Skip the images and return the records below exactly.

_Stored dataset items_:
§ §
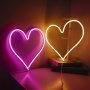 Светещо сърце, нощна лампа, Led неон, USB, снимка 2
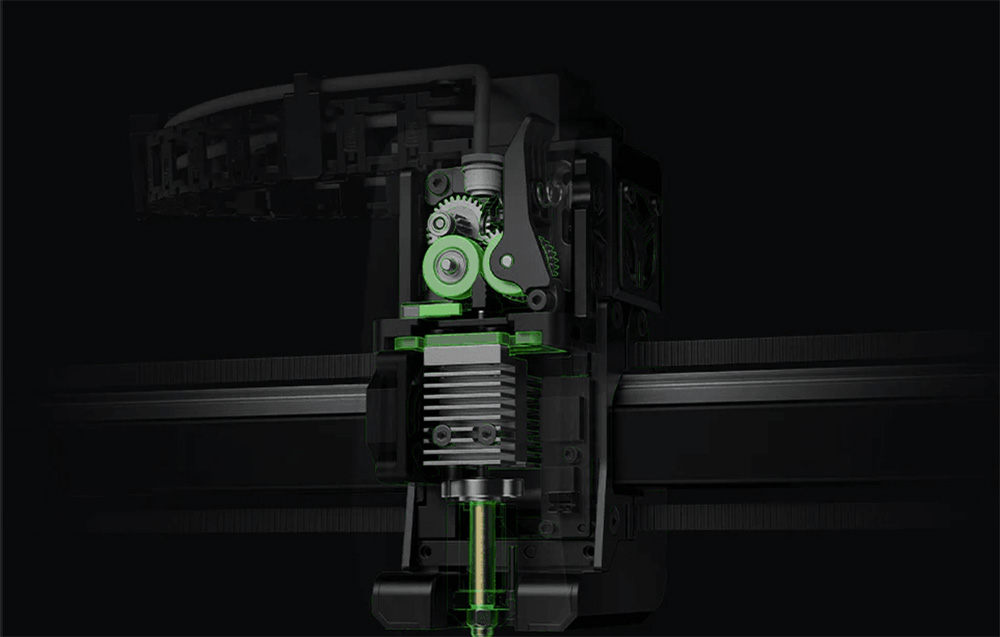 Zbliżenie mechanizmu ekstrudera drukarki 3D Creality K2 Pro.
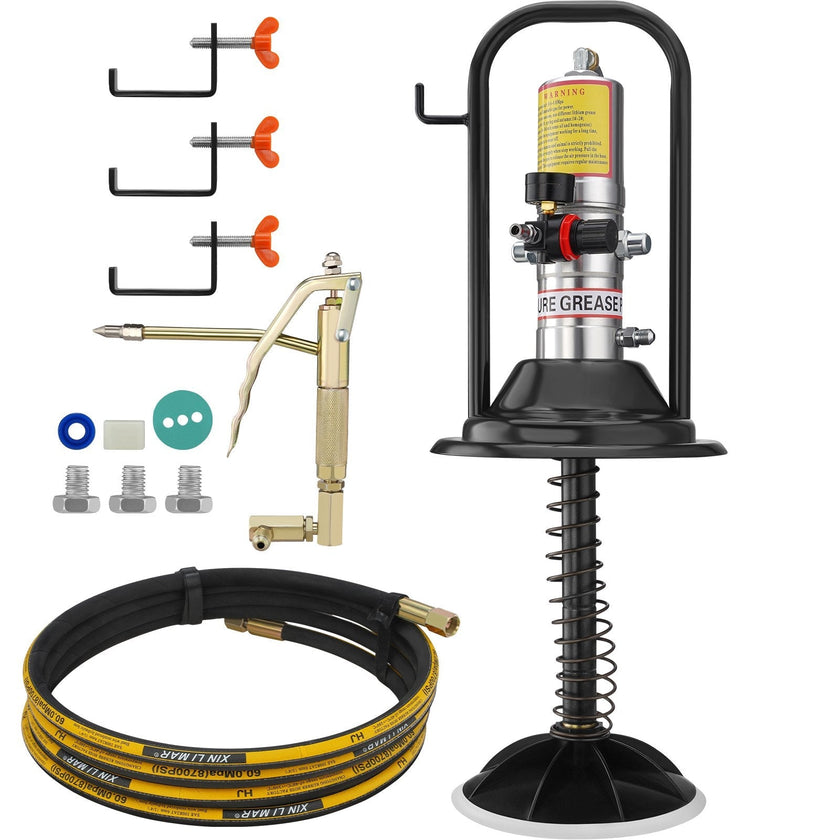 VEVOR Grease Pump, 50:1 Pressure Ratio Air Operated Grease Pump with 13 ft High Pressure Hose and Grease Gun, Pneumatic Grease Pump with Barrel Cap, Portable Lubrication Grease Pump 360° Gun Head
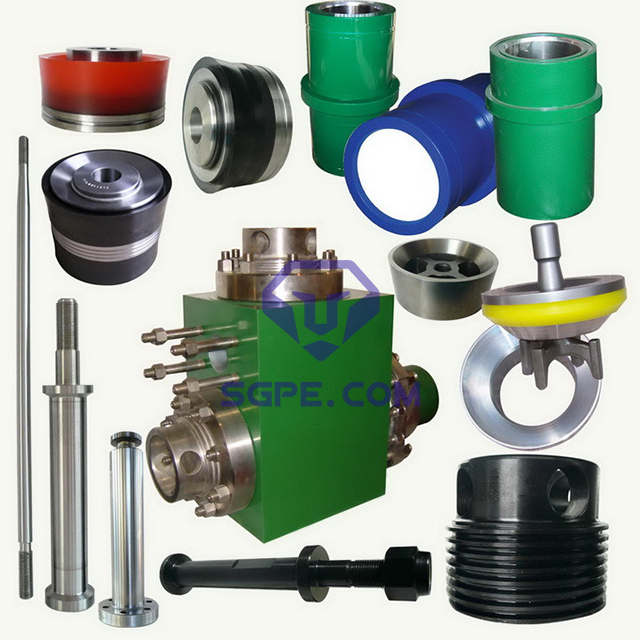 Mud pump spare parts including liners, pistons, valves, seats, fluid end parts and power end components for oilfield drilling pumps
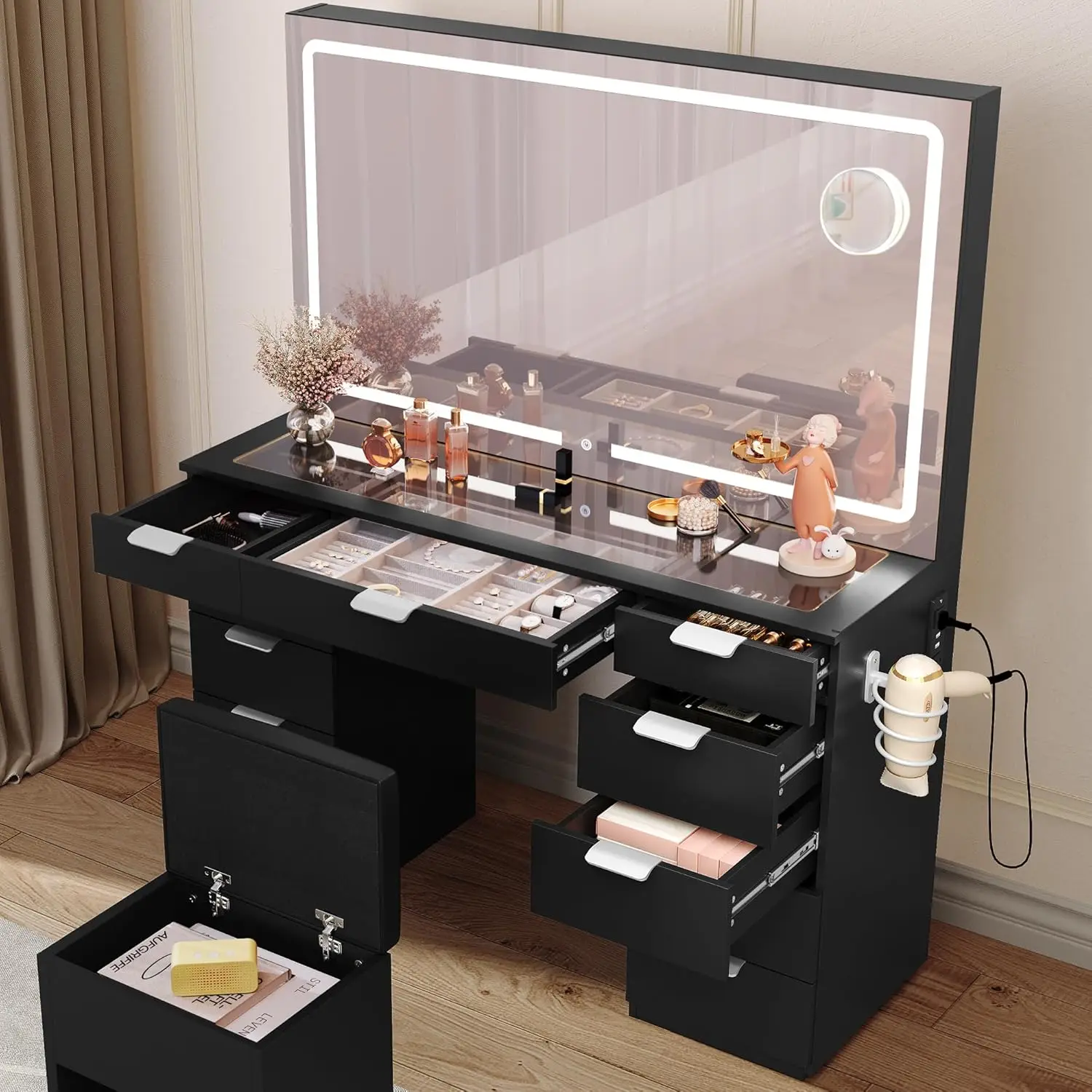 Vanity Desk with Large LED Mirror, Charging Station, 11 Drawers,Makeup Vanity with Tempered Glass Top, Storage Bench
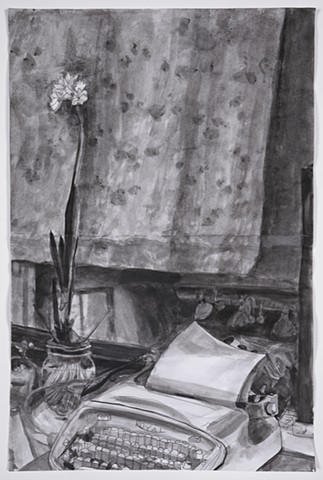 Paperwhite Blooming with Typewriter Open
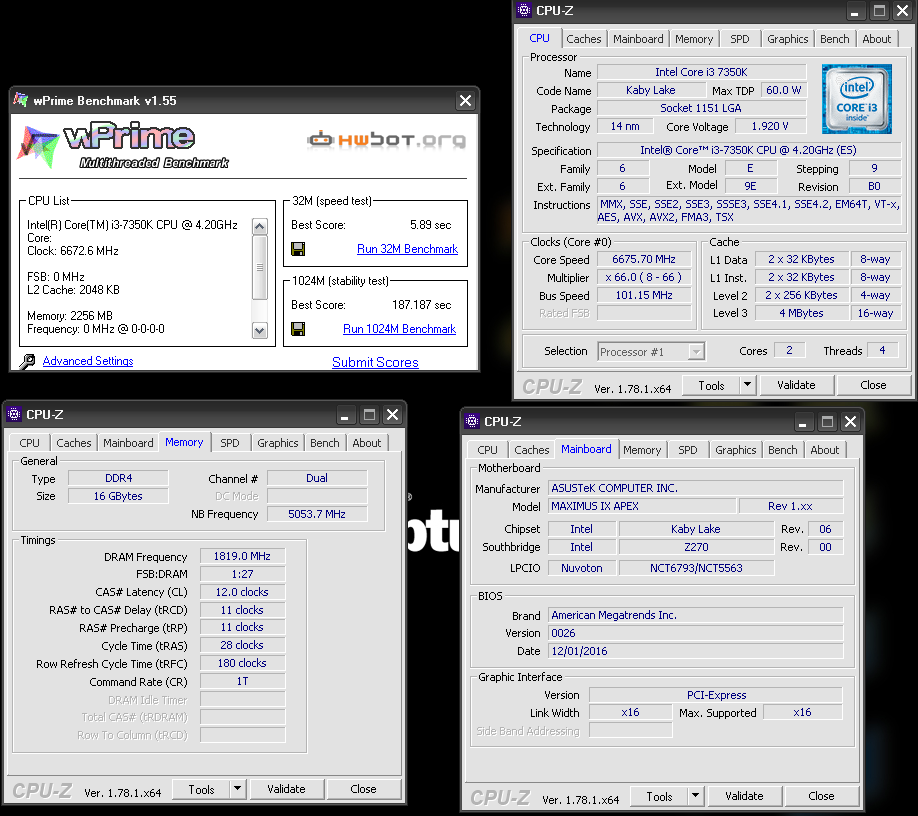 Smoke отметился рекордом в wPrime - 1024m на процессоре Intel Core i3 7350K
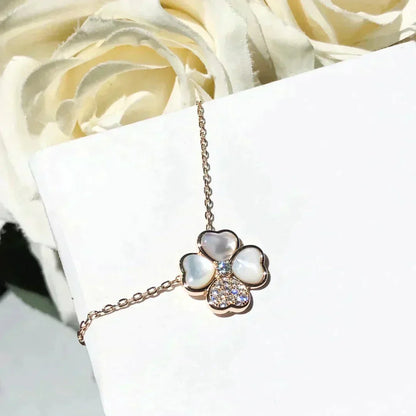 [⭐Luxery]CLOVER MOP DIAMOND ROSE GOLD NECKLACE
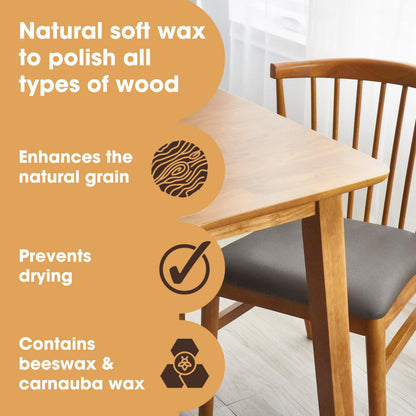 Furniture Clinic Natural Wood Wax & Polish - Beeswax Polish for Wood With Added Orange Oil & Carnauba Wax - Clear Finish for Finished & Unfinished Wood - Polish For Furniture & More - 250ml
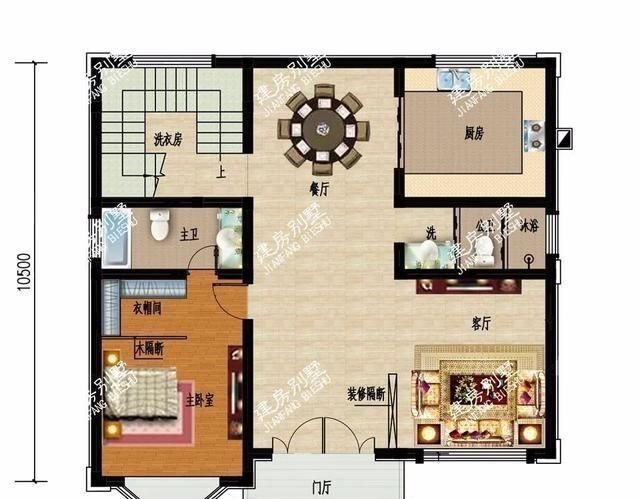 主卧室|尺寸相同的两栋农村别墅,采用不同风格设计,客厅都挑空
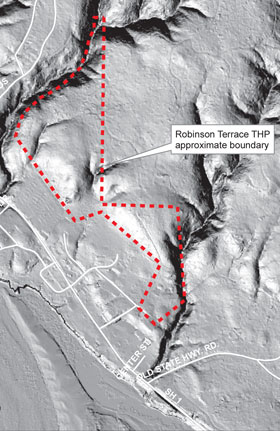 Robinson Terrace THP area - LIDAR image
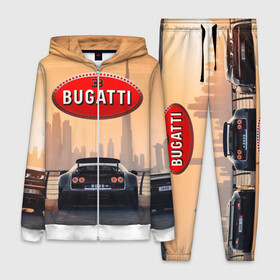 Женский костюм 3D с принтом Bugatti на фоне Дубая ОАЭ с логотипом в Санкт-Петербурге,  |  | Тематика изображения на принте: bugatti chiron | bugatti veyron | бугатти | гиперкары | дубай | закат | оаэ | спортивные машины | спорткары
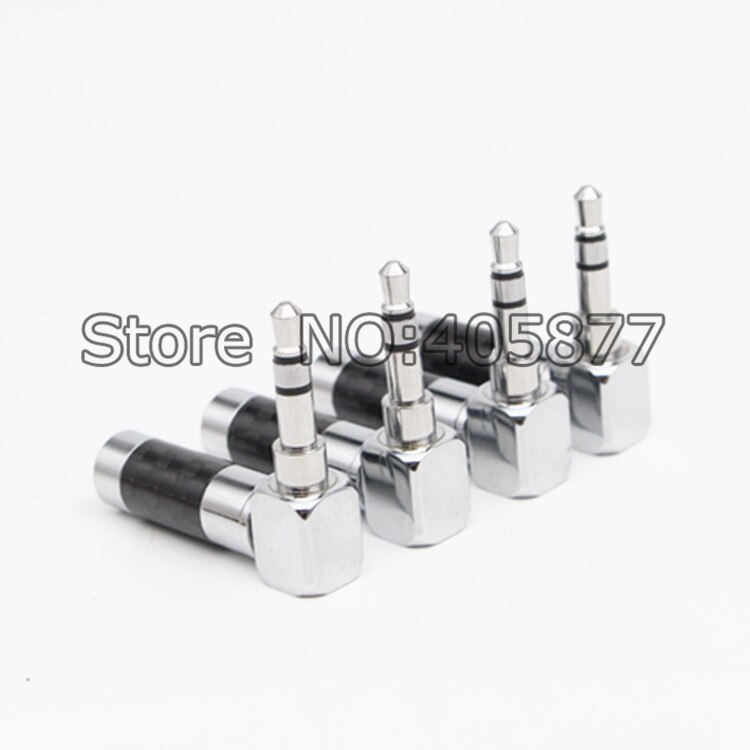 4 Stck Rhodium Überzogene 3,5mm Jack Stereo Audio- Mini Jack Stecker Rechten Winkel Stecker Kohlenstoff Faser, durchmesser 6mm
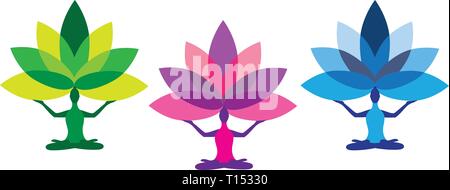 Lotus Yoga logo Stock Vektor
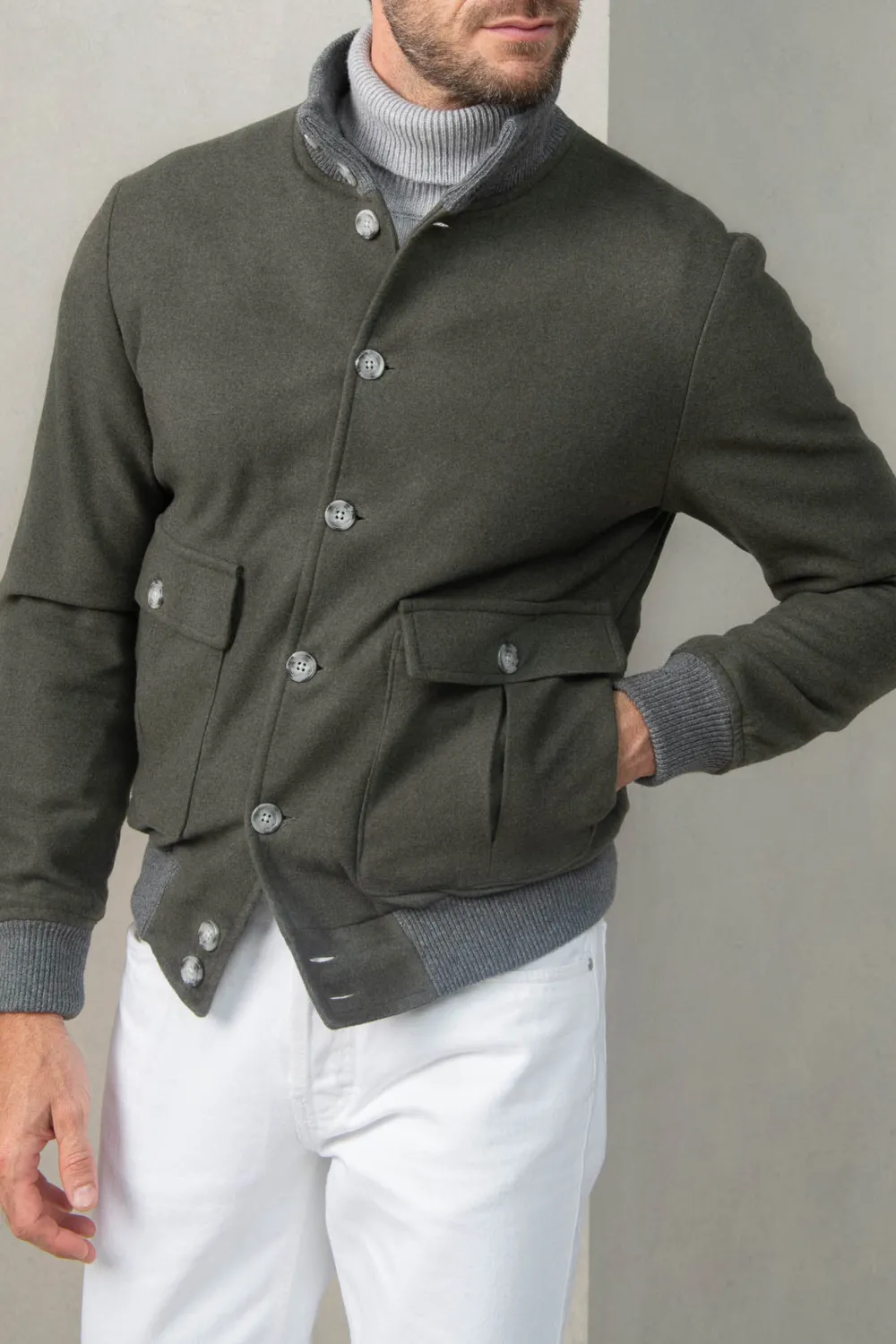 Green Super 180'S Wool Flannel Bomber Jacket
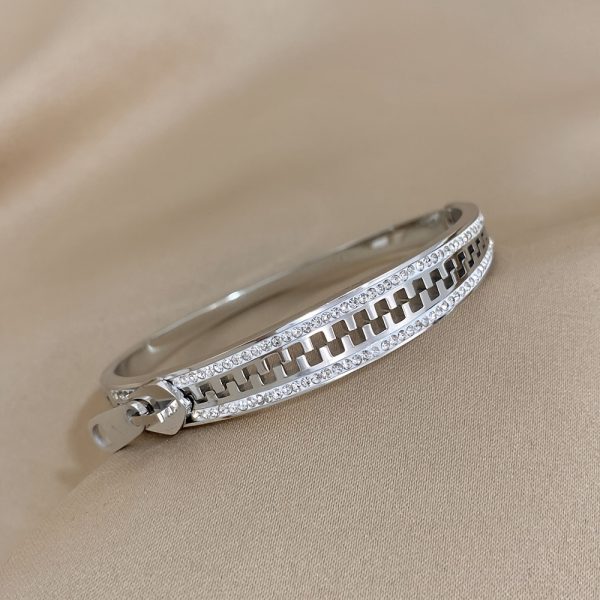 Stunning Gemstone Embellished Stainless Steel Waterproof Zipper Style Bracelet - Luxurious Jewelry for Men and Women - Rust Resistant, Durable, and Stylish Accessory - Image 8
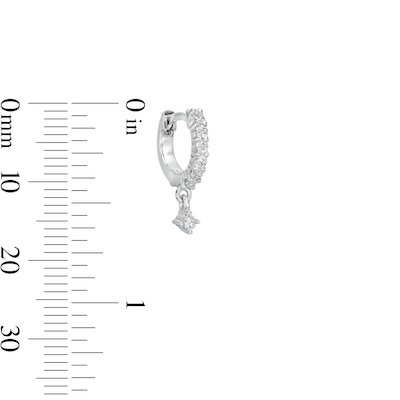 Cubic Zirconia Dainty Dangle Huggie Hoop Earrings in Solid Sterling Silver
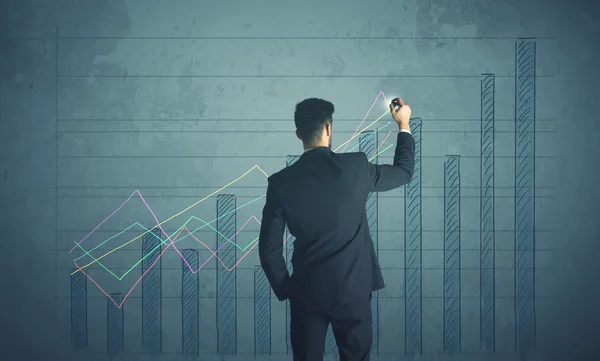 Gráfico de desenho do empresário — Fotografia de Stock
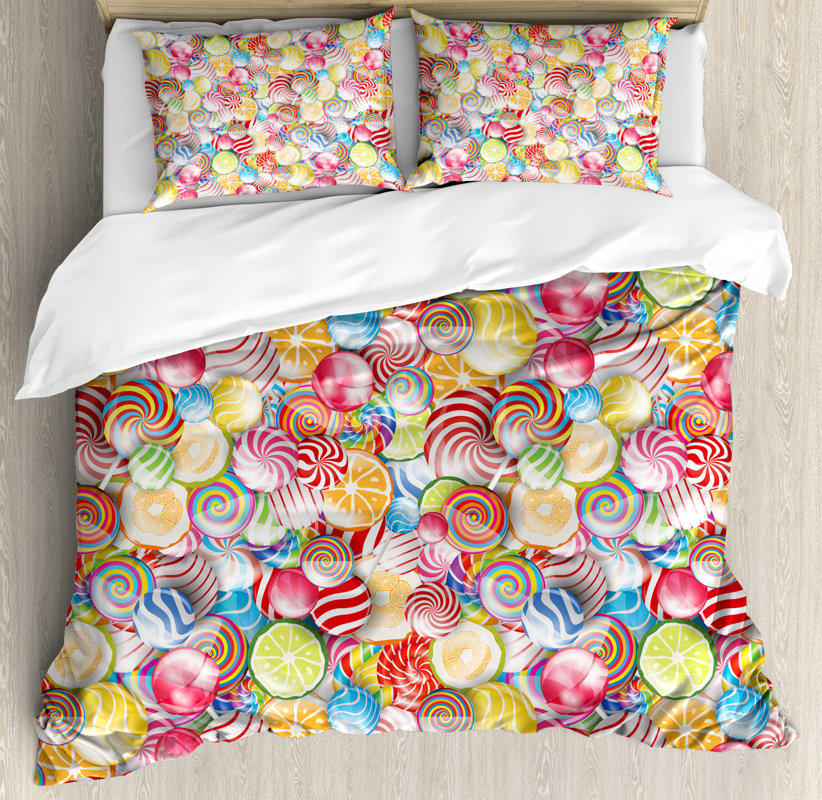 Ambesonne Colorful Home Spiral Sugar Candy Sweets Lolly Pops Dessert Colorful Home Spiral Sugar Candy Sweets Lolly Pops Dessert Fun Kids Nursery Theme Duvet Set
§ §
_Solution_:
 Светещо сърце, нощна лампа, Led неон, USB, снимка 2
 Zbliżenie mechanizmu ekstrudera drukarki 3D Creality K2 Pro.
 VEVOR Grease Pump, 50:1 Pressure Ratio Air Operated Grease Pump with 13 ft High Pressure Hose and Grease Gun, Pneumatic Grease Pump with Barrel Cap, Portable Lubrication Grease Pump 360° Gun Head
 Mud pump spare parts including liners, pistons, valves, seats, fluid end parts and power end components for oilfield drilling pumps
 Vanity Desk with Large LED Mirror, Charging Station, 11 Drawers,Makeup Vanity with Tempered Glass Top, Storage Bench
 Paperwhite Blooming with Typewriter Open
 Smoke отметился рекордом в wPrime - 1024m на процессоре Intel Core i3 7350K
 [⭐Luxery]CLOVER MOP DIAMOND ROSE GOLD NECKLACE
 Furniture Clinic Natural Wood Wax & Polish - Beeswax Polish for Wood With Added Orange Oil & Carnauba Wax - Clear Finish for Finished & Unfinished Wood - Polish For Furniture & More - 250ml
 主卧室|尺寸相同的两栋农村别墅,采用不同风格设计,客厅都挑空
 Robinson Terrace THP area - LIDAR image
 Женский костюм 3D с принтом Bugatti на фоне Дубая ОАЭ с логотипом в Санкт-Петербурге,  |  | Тематика изображения на принте: bugatti chiron | bugatti veyron | бугатти | гиперкары | дубай | закат | оаэ | спортивные машины | спорткары
 4 Stck Rhodium Überzogene 3,5mm Jack Stereo Audio- Mini Jack Stecker Rechten Winkel Stecker Kohlenstoff Faser, durchmesser 6mm
 Lotus Yoga logo Stock Vektor
 Green Super 180'S Wool Flannel Bomber Jacket
 Stunning Gemstone Embellished Stainless Steel Waterproof Zipper Style Bracelet - Luxurious Jewelry for Men and Women - Rust Resistant, Durable, and Stylish Accessory - Image 8
 Cubic Zirconia Dainty Dangle Huggie Hoop Earrings in Solid Sterling Silver
 Gráfico de desenho do empresário — Fotografia de Stock
 Ambesonne Colorful Home Spiral Sugar Candy Sweets Lolly Pops Dessert Colorful Home Spiral Sugar Candy Sweets Lolly Pops Dessert Fun Kids Nursery Theme Duvet Set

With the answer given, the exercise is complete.